A potential recreational cannabis business at the Hudson Tavern site in Hoboken has lit up the ongoing feud between Mayor Ravi Bhalla and 2nd Ward Councilwoman Tiffanie Fisher.
By John Heinis/Hudson County View
Bhalla began his 1,450 word Nixle alert, which also appeared on the city website, by reminding resides that New Jerseyans voted in favor of legalizing cannabis by a 2-1 margin in 2020, with over 70 percent of Mile Square City residents voting yes.
My personal view at the time, as it remains today, is that the legalization of adult use cannabis provides not only a substantial economic opportunity for Hoboken, but more importantly, an opportunity for us as a community repair damage that the “war on drugs” caused minority communities in Hoboken,” he wrote.
“This damage included countless youth in Hoboken who were tagged as criminals and incarcerated for simple possession of minor amounts of cannabis – an offense which is now legal.”
The Hoboken Cannabis Review Board approved their first application for the Story Dispensary of Hoboken, located at 51-53 14th St., unanimously (3-0) on Thursday at a nearly five-hour meeting that included commentary from many angry residents.
Story CEO Samantha Silva faced criticism for not voluntarily notifying residents within 200 feet of the project of the hearing, as well as for not taking questions directly.
Her attorney, Lee Vartan, of Chiesa Shahinian & Giantomasi PC, said it was his decision not to send out the notifications.
Tom Brennan, the former tavern owner, claimed that property buyers Drew Nussbaum and Jaclyn Fulop, of the Exchange Physical Therapy Group – who have a location across the street – had committed to making the building a physical therapy location and the residents were unaware of the dispensary proposal until two days before the meeting.
“Where is the fairness, where is the transparency?

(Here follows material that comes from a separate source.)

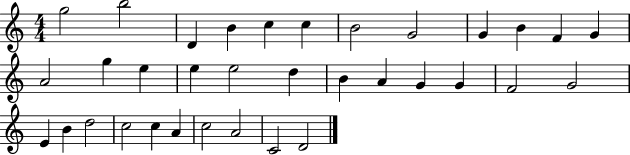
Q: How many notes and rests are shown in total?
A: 34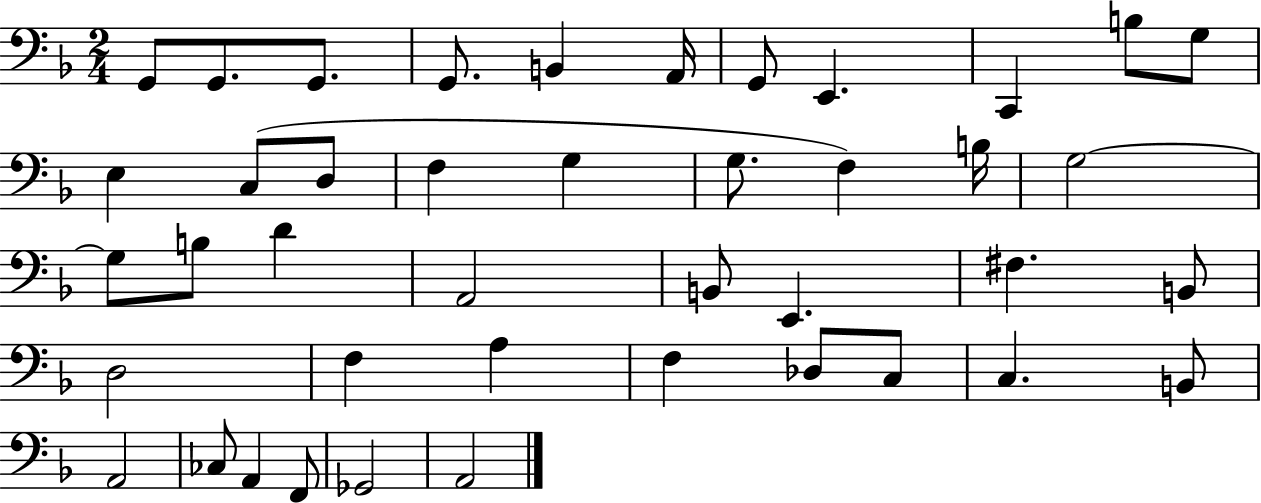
G2/e G2/e. G2/e. G2/e. B2/q A2/s G2/e E2/q. C2/q B3/e G3/e E3/q C3/e D3/e F3/q G3/q G3/e. F3/q B3/s G3/h G3/e B3/e D4/q A2/h B2/e E2/q. F#3/q. B2/e D3/h F3/q A3/q F3/q Db3/e C3/e C3/q. B2/e A2/h CES3/e A2/q F2/e Gb2/h A2/h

This whole thing just seems to be conducted in a really questionable manner … This is the direct community that this will be adversely affecting: these people have chosen 51-53 to be their home so.”
Board members Jason Freeman, the city business administrator, Mike Russo, the city council president, and Leo Pellegrini, the city health and human services director, were undeterred that this was a good investment in the city despite the public outcry against.
“I look forward to continuing the conversation with Ms. Silva, her entire team, and trying to make this a successful partnership between the city, Story Dispensary, and the residents of Hoboken,” Freeman said.
Russo said he was “thrilled” businesses like can now operate within the city guidelines, though also said that Silva and her team need to make amends with her neighbors. He also said it was “unfair” for the landlords of the property to be panned along with the business.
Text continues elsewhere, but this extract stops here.